Collect data from models in production

Article
08/28/2024

This article shows how to collect data from an Azure Machine Learning model deployed on an Azure Kubernetes Service (AKS) cluster. The collected data is then stored in Azure Blob storage.

Once collection is enabled, the data you collect helps you:

Monitor data drifts on the production data you collect.
Analyze collected data using Power BI or Azure Databricks
Make better decisions about when to retrain or optimize your model.
Retrain your model with the collected data.

Limitations

The model data collection feature can only work with Ubuntu 18.04 image.

Important

As of 03/10/2023, the Ubuntu 18.04 image is now deprecated. Support for Ubuntu 18.04 images will be dropped starting January 2023 when it reaches EOL on April 30, 2023.

The MDC feature is incompatible with any other image than Ubuntu 18.04, which is no available after the Ubuntu 18.04 image is deprecated.

mMore information you can refer to:

data science virtual machine release notes

Note

The data collection feature is currently in preview, any preview features are not recommended for production workloads.

What is collected and where it goes

The following data can be collected:

Model input data from web services deployed in an AKS cluster.
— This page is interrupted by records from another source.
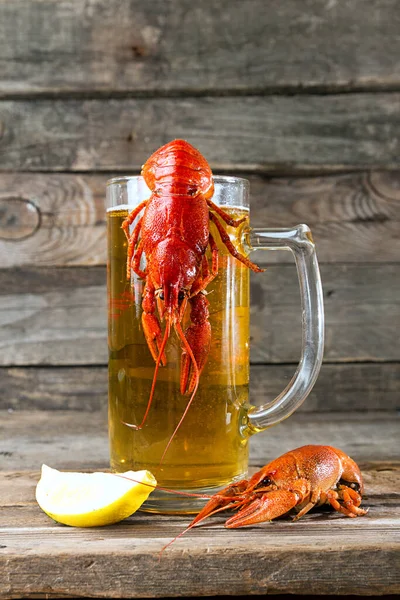 Beer party. Still life with glass of beer, crayfish crawfish against old wooden rustic background. Front view.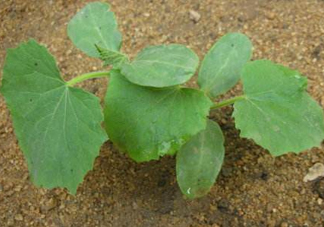 8月份能種黃瓜嗎？八月份能種黃瓜嗎？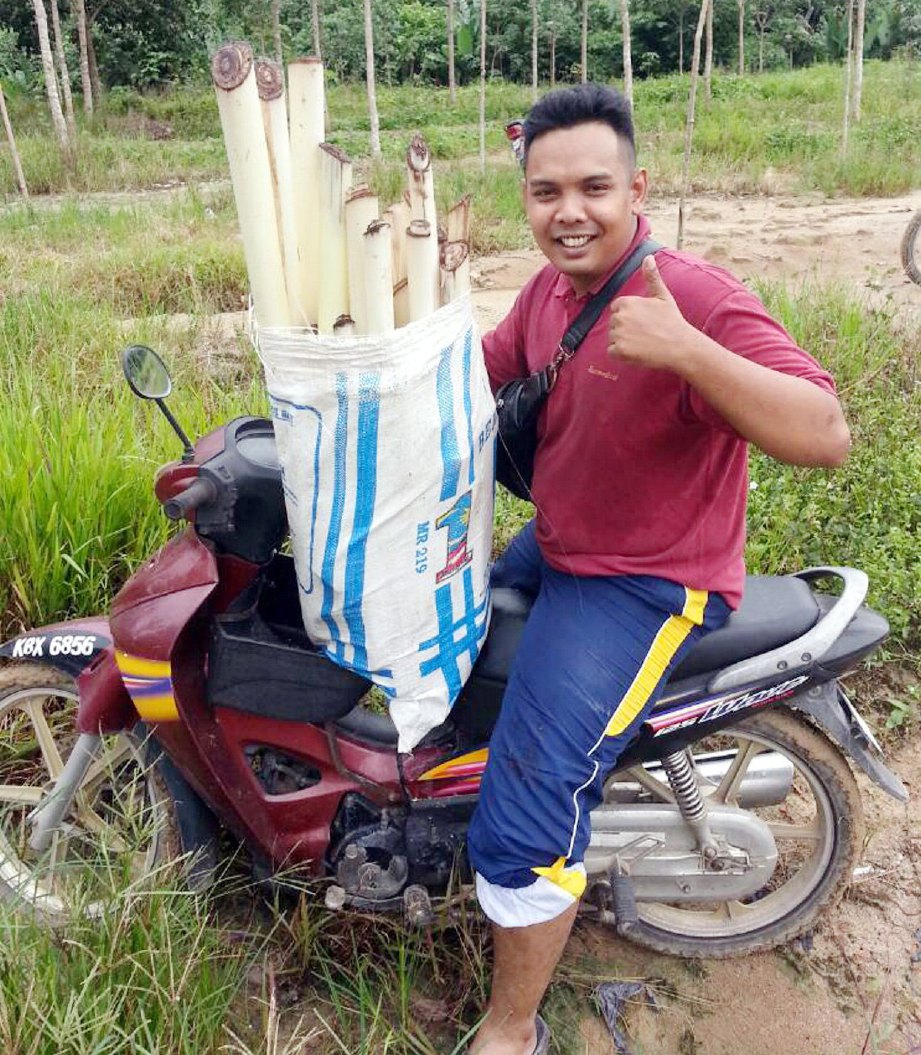 MOHAMAD Saiful bersama umbut pisang yang ditebang di Kampung Padang Chicar.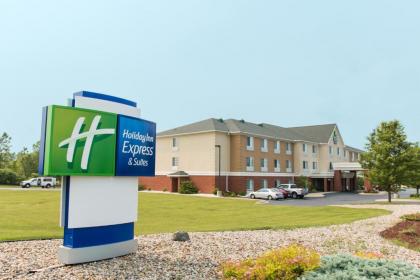 Holiday Inn Express Jackson an IHG Hotel Jackson Michigan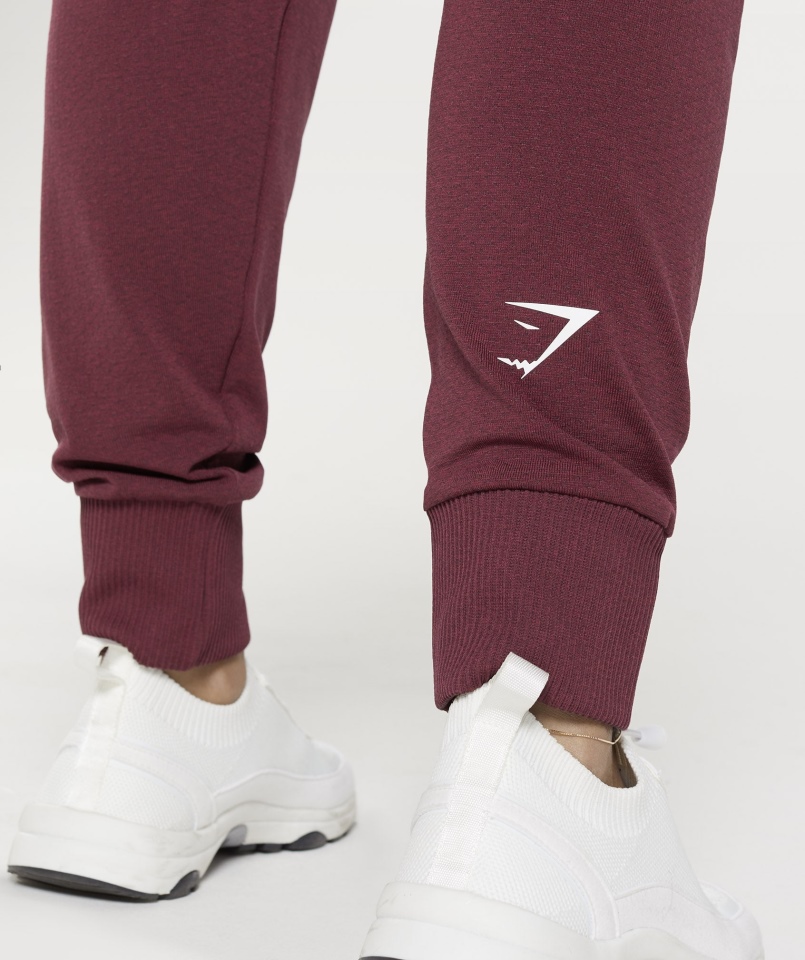 Gymshark Vital Bezszwowe Joggery 2.0 Pieczone Bordowe Marl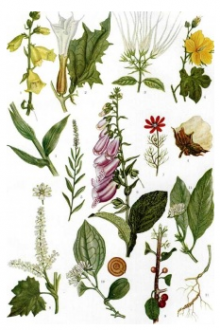 11/09 "Teaching about medicinal plants. Part 2 " 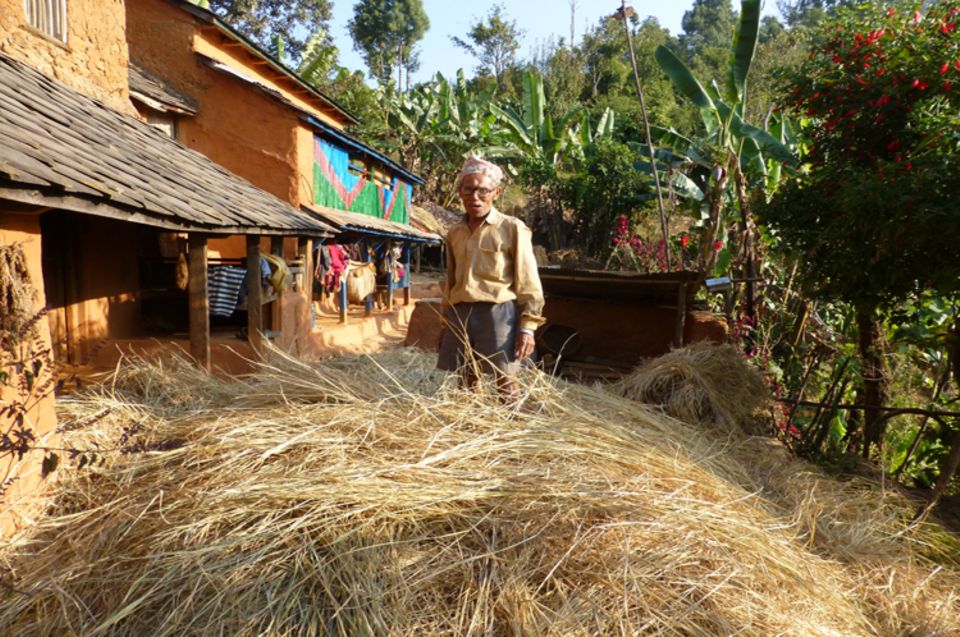Nach der Reisernte hat dieser Bauer in der Siedlung Basaha das Stroh zu seinem Haus transportiert - für die Tiere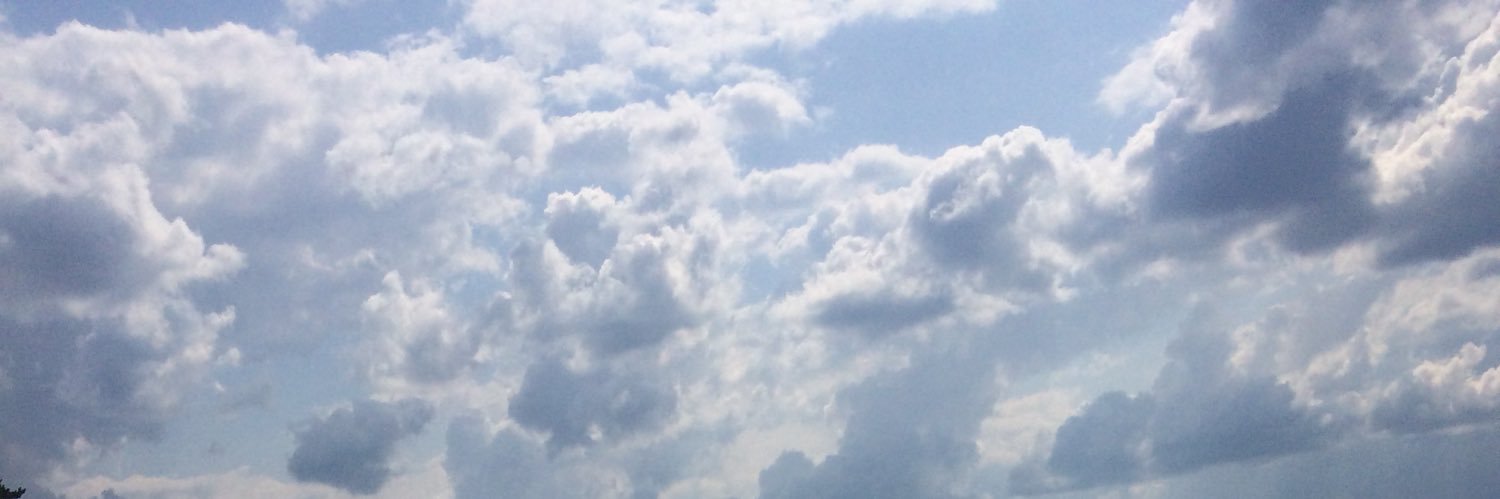 bagonite's profile banner image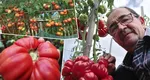 Unde se cultivă pomul care face roșii. Poate ajunge la peste 2 metri înălțime, iar fructele sunt zemoase și au un gust excepțional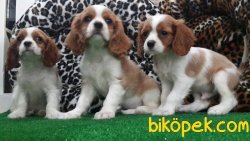 CAVALİER KING CHARLES YAVRULARI 1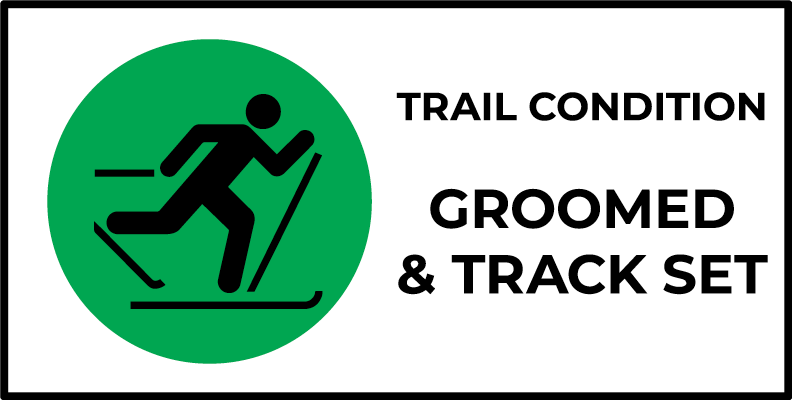 Ganaraska Forest Ski Trails: Groomed & Track Set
Voice audio, images, and video are not collected.
Model predictions using production input data.

Note

Preaggregation and precalculations on this data are not currently part of the collection service.

The output is saved in Blob storage. Because the data is added to Blob storage, you can choose your favorite tool to run the analysis.

The path to the output data in the blob follows this syntax:

/modeldata/<subscriptionid>/<resourcegroup>/<workspace>/<webservice>/<model>/<version>/<designation>/<year>/<month>/<day>/data.csv
# example: /modeldata/1a2b3c4d-5e6f-7g8h-9i10-j11k12l13m14/myresourcegrp/myWorkspace/aks-w-collv9/best_model/10/inputs/2018/12/31/data.csv

Note

In versions of the Azure Machine Learning SDK for Python earlier than version 0.1.0a16, the designation argument is named identifier. If you developed your code with an earlier version, you need to update it accordingly.

Prerequisites

If you don't have an Azure subscription, create a free account before you begin.
An Azure Machine Learning workspace, a local directory containing your scripts, and the Azure Machine Learning SDK for Python must be installed. To learn how to install them, see How to configure a development environment.
You need a trained machine-learning model to be deployed to AKS. If you don't have a model, see the Train image classification model tutorial.
You need an AKS cluster. For information on how to create one and deploy to it, see Deploy machine learning models to Azure.
Set up your environment and install the Azure Machine Learning Monitoring SDK.
Use a docker image based on Ubuntu 18.04, which is shipped with libssl 1.0.0, the essential dependency of modeldatacollector. You can refer to prebuilt images.

Enable data collection

You can enable data collection regardless of the model you deploy through Azure Machine Learning or other tools.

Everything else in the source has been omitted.